§ DATA FOR PROCESSING
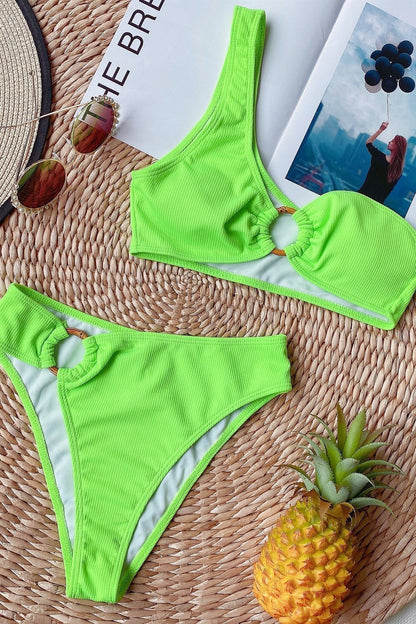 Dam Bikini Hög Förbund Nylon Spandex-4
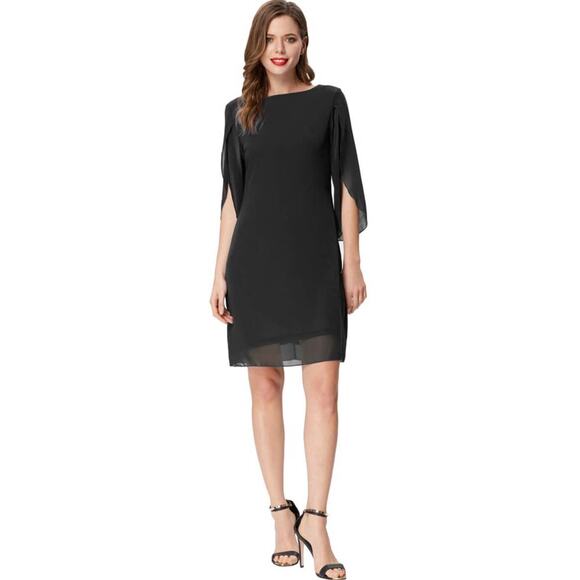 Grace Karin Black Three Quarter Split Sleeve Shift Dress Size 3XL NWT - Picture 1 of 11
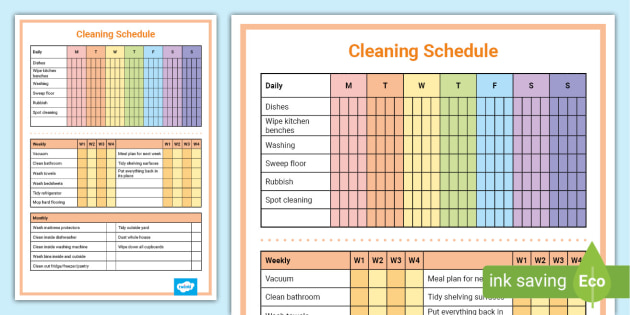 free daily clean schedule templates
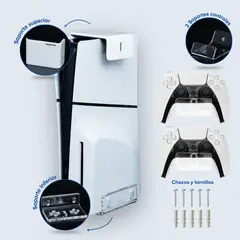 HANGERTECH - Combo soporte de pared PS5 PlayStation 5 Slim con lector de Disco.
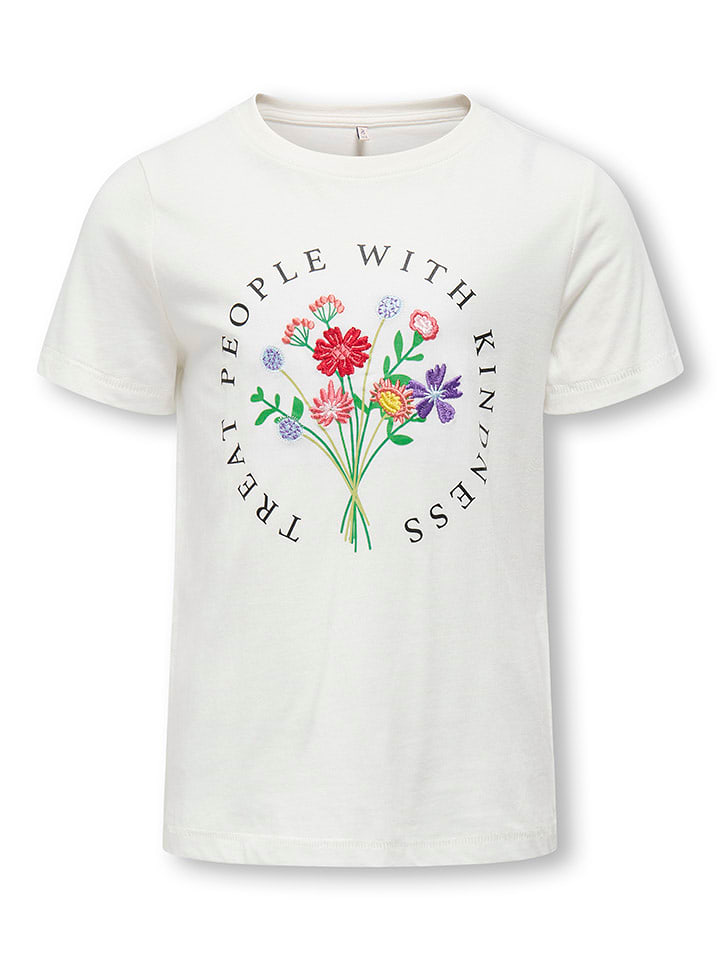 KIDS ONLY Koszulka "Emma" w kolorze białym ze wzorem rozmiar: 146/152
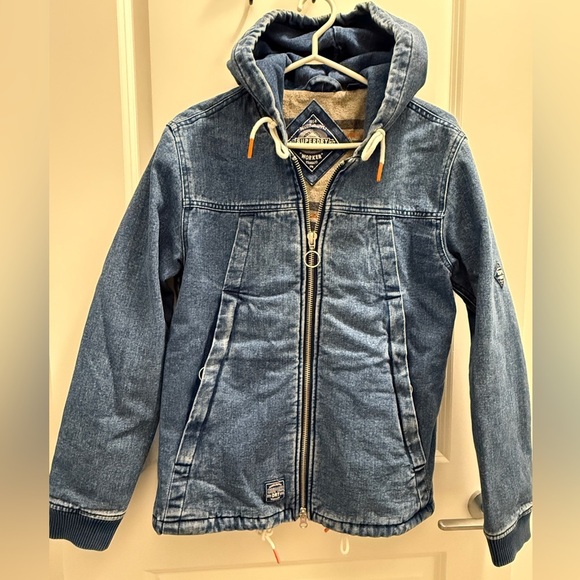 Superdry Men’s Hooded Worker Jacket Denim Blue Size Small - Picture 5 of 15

==

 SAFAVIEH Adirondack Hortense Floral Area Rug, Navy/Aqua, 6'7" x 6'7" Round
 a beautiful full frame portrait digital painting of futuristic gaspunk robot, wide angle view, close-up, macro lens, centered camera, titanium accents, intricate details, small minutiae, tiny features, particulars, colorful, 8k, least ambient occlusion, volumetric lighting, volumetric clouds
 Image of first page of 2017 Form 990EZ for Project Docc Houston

§ ASSIGNMENT
Keep to the stretch from the line containing "KIDS ONLY Koszulka" through the line containing "Superdry Men’s Hooded", both ends included, and copy it exactly from the listing above, minus the pictures.

§ WRITTEN SOLUTION
 KIDS ONLY Koszulka "Emma" w kolorze białym ze wzorem rozmiar: 146/152
 Superdry Men’s Hooded Worker Jacket Denim Blue Size Small - Picture 5 of 15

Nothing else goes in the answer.